From 1967, Hunter specialized in international arbitration. He was the sole arbitrator, the chair or a member of the tribunal in many international arbitration proceedings, under the Rules of the AAA, CAS, ICC, LCIA, NAFTA, NAI, SIAC, and UNCITRAL. In 1980 he became a fellow and chartered arbitrator with the Chartered Institute of Arbitrators. From 1986 to 1989 he was chairman of the International Chamber of Commerce Commission’s Working Group on Dissenting Opinions and Interim and Partial Awards. He became a member of the governing board of the International Council for Commercial Arbitration in 1988. From 1990 to 1996 he was Vice-Chairman of the UK Department of Trade and Industry committee on arbitration law.
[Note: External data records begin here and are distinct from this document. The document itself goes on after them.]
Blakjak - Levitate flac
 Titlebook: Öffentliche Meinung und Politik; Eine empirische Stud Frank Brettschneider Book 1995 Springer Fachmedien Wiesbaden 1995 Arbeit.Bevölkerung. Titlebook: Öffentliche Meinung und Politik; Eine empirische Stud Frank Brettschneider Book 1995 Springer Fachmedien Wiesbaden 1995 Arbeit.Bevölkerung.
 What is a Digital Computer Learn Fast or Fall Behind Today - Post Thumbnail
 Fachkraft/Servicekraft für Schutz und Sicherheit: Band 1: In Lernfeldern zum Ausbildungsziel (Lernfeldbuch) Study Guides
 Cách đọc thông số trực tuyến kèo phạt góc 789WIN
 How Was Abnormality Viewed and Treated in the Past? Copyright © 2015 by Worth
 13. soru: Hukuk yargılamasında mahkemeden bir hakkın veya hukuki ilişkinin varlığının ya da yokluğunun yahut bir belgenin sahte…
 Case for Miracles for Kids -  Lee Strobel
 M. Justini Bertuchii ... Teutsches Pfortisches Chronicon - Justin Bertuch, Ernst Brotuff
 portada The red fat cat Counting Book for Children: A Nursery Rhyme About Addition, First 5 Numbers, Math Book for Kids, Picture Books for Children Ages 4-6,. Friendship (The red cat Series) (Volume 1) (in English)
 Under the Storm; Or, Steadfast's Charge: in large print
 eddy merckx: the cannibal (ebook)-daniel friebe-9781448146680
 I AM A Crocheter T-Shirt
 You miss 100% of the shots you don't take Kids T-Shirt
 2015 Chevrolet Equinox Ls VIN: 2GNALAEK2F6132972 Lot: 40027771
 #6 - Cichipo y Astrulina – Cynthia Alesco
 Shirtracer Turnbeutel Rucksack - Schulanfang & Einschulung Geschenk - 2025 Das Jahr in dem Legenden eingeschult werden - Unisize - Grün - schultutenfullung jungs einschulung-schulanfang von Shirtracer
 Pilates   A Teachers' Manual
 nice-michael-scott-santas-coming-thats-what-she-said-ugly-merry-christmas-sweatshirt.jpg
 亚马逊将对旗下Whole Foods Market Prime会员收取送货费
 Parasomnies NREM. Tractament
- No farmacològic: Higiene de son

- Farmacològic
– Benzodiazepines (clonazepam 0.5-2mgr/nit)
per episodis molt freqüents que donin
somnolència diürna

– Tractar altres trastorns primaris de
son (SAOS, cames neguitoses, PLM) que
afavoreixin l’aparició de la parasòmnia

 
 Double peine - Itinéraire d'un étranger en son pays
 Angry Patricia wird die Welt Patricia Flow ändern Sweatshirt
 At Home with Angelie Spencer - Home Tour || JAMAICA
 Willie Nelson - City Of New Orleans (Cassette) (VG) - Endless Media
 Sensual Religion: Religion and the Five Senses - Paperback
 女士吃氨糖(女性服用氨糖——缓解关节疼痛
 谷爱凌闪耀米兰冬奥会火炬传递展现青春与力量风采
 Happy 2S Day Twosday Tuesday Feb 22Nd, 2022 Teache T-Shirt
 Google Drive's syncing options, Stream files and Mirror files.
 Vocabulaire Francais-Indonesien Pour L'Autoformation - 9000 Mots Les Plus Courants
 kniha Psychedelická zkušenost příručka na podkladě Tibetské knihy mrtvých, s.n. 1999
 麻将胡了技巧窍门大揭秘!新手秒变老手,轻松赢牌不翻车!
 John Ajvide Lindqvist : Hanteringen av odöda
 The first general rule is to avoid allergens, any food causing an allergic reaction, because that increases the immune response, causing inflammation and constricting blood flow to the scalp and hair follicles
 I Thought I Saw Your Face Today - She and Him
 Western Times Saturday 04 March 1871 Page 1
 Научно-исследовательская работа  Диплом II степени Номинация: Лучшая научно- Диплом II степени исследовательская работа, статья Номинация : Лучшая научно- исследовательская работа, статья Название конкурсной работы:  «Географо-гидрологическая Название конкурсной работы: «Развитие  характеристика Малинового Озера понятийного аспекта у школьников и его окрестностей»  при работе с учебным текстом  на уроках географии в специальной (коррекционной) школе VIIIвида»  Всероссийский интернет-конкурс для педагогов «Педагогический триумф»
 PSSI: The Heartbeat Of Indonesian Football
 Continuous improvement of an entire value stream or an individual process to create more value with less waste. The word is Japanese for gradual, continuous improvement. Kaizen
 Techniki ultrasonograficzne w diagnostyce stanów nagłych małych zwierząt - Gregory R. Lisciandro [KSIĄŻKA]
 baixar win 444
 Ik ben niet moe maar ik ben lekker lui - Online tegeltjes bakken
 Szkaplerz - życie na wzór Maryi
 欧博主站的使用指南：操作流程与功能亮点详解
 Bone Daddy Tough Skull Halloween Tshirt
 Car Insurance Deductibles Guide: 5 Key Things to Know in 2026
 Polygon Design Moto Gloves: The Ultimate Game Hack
Hunter left Freshfields in 1994 and became a Barrister at Essex Court Chambers. From 2004 he was chairman of the Dubai International Arbitration Centre’s Board of Trustees. In 2009 Lord Phillips of Worth Matravers presented an ICJ award to Professor J. Martin Hunter at an International Council of Jurists ceremony in London.

==Academic career==
J. Martin Hunter was an honorary fellow at the Faculty of Law, University of Edinburgh from 1992 to 2000. In 1995, he became professor of international dispute resolution at Nottingham Trent University. He was a visiting lecturer at Harvard Law School in 1997, at Deakin University in Melbourne, Australia in 2003 and at Columbia University, New York, also in 2003. He was a visiting professor at Victoria University of Wellington, New Zealand in 1999. From 2003 he was a visiting fellow at the University of Cologne Summer Academy and a visiting professor at King's College London. In 2007 he became a member of the advisory board and a visiting lecturer at KIIT School of Law in Bhubaneswar, India. From 2009 he was a visiting professor at Central European University, and from 2010 emeritus professor at Nottingham Trent University.

==Publications==
Publications include:

- Martin Hunter. "Encyclopaedia of Forms and Precedents"
- Martin Hunter (1993). "The Freshfields Guide to Arbitration and ADR Clauses in International Contracts"
- Martin Hunter (1995). "The internationalisation of international arbitration: the LCIA Centenary Conference"
- Martin Hunter (1995). "Reflections on Advocacy and the Art of Persuasion"
- Co-author, Hunter and Landau, The English Arbitration Act 1996: Text and Notes, in English, Français, Deutsch, Español (Kluwer, 1998)
- Martin Hunter (2000). "International Commercial Dispute Resolution: The Challenge of the Twenty-First Century"
- Martin Hunter (2003). "Transnational Public Policy and its Application in Investment Arbitrations"
- Martin Hunter (2003). "Halsbury's Laws"
- Martin Hunter (2005). "Aminoil Revisited: Reflections on a Story of Changing Circumstances", International Investment Law and Arbitration in Leading Cases from the ICSID, NAFTA, Bilateral Treaties and Customary International Law"
- Martin Hunter (2006). "Techniques for Eliciting Expert Testimony: Expert Conferencing and New Methods"
- Martin Hunter (2008). "Reflections on the Definition of an Investment"
- Nigel Blackaby (2009). "Redfern and Hunter on international arbitration"
- J. Martin Hunter (2018). "Arbitration in India"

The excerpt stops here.